AIM OF THE EXERCISE: What is needed is the exact text of each line in the listing below from the one with "Hollister Asymmetrical Crepe" up to and including the one with "Rule 34 | 1girl, absurdres, black", and no pictures.

SOURCE MATERIAL:
——
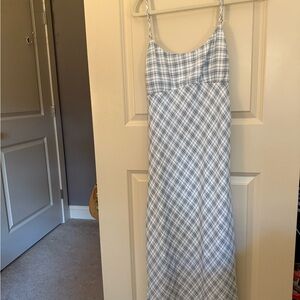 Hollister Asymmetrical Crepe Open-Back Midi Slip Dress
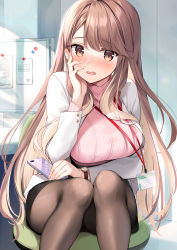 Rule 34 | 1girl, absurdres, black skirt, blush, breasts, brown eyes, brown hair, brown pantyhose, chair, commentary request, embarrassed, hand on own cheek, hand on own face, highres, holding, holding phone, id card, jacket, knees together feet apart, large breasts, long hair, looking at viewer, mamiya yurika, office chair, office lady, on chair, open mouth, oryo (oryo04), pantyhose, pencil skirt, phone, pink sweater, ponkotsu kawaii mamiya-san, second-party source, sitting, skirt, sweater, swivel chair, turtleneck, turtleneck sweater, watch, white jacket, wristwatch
——
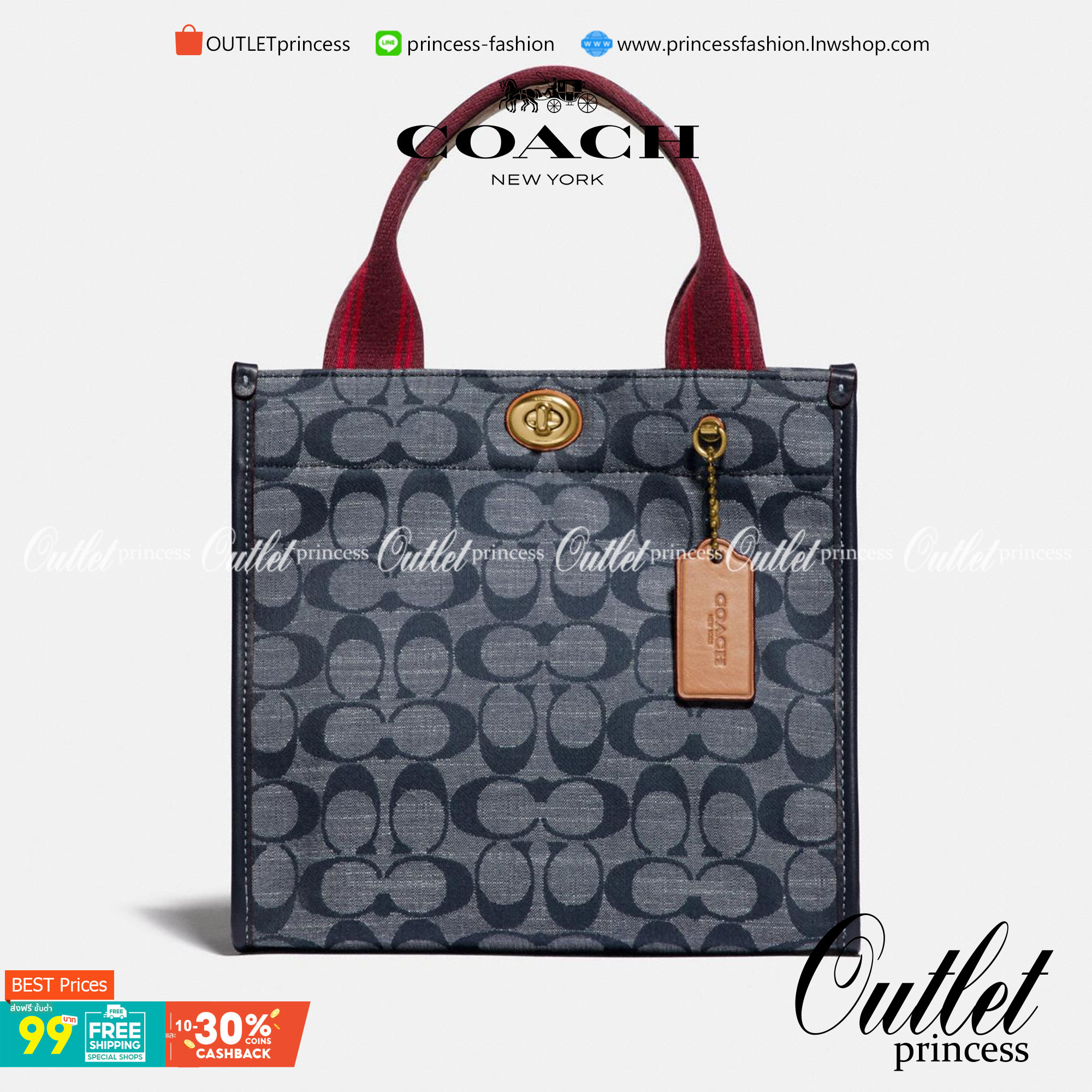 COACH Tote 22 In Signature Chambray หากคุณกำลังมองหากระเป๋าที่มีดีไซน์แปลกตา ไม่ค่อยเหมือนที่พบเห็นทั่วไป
——
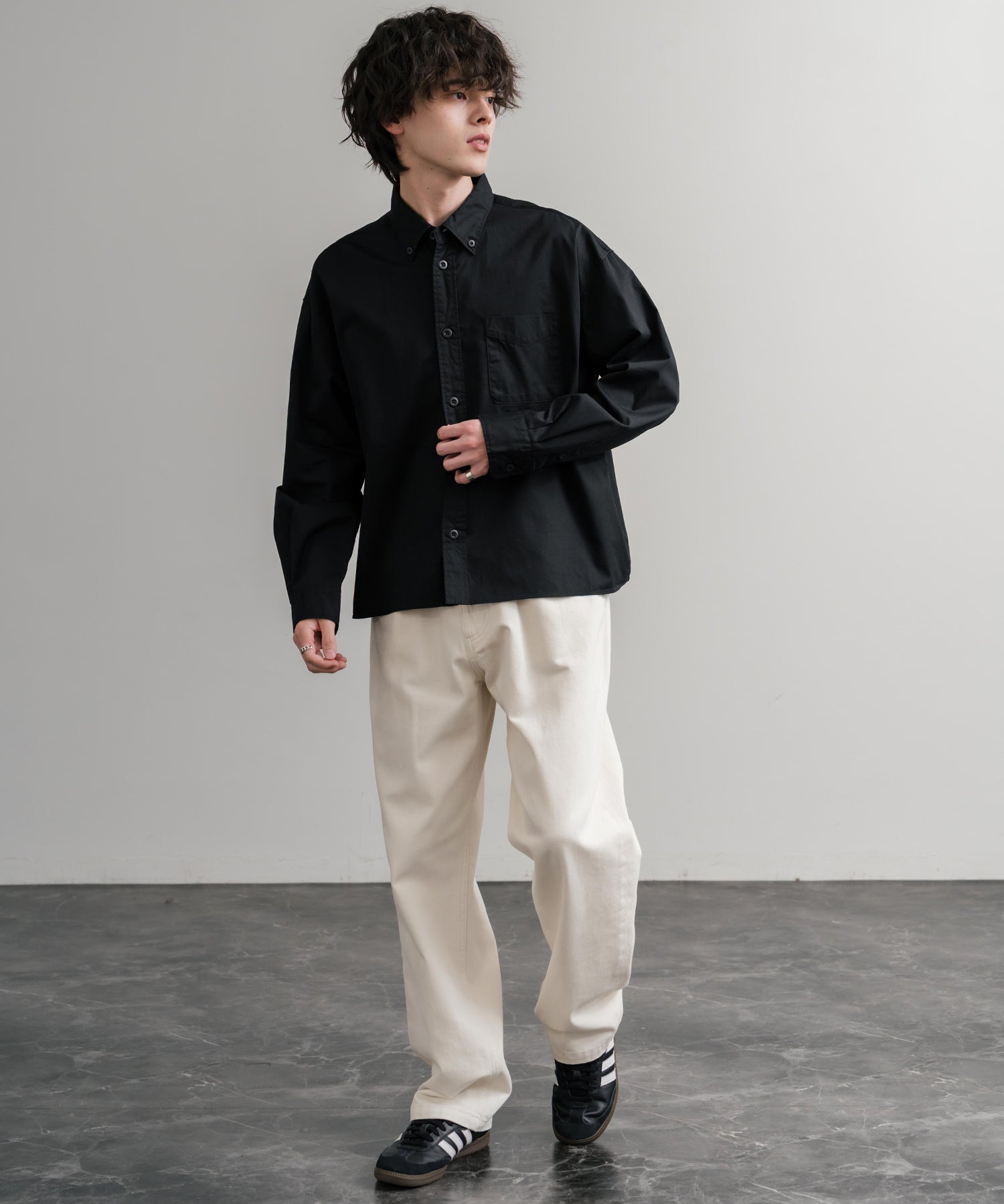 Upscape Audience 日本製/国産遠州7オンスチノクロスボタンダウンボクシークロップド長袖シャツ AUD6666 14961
——
ANSWER FOR THIS EXERCISE:
 Hollister Asymmetrical Crepe Open-Back Midi Slip Dress
 Rule 34 | 1girl, absurdres, black skirt, blush, breasts, brown eyes, brown hair, brown pantyhose, chair, commentary request, embarrassed, hand on own cheek, hand on own face, highres, holding, holding phone, id card, jacket, knees together feet apart, large breasts, long hair, looking at viewer, mamiya yurika, office chair, office lady, on chair, open mouth, oryo (oryo04), pantyhose, pencil skirt, phone, pink sweater, ponkotsu kawaii mamiya-san, second-party source, sitting, skirt, sweater, swivel chair, turtleneck, turtleneck sweater, watch, white jacket, wristwatch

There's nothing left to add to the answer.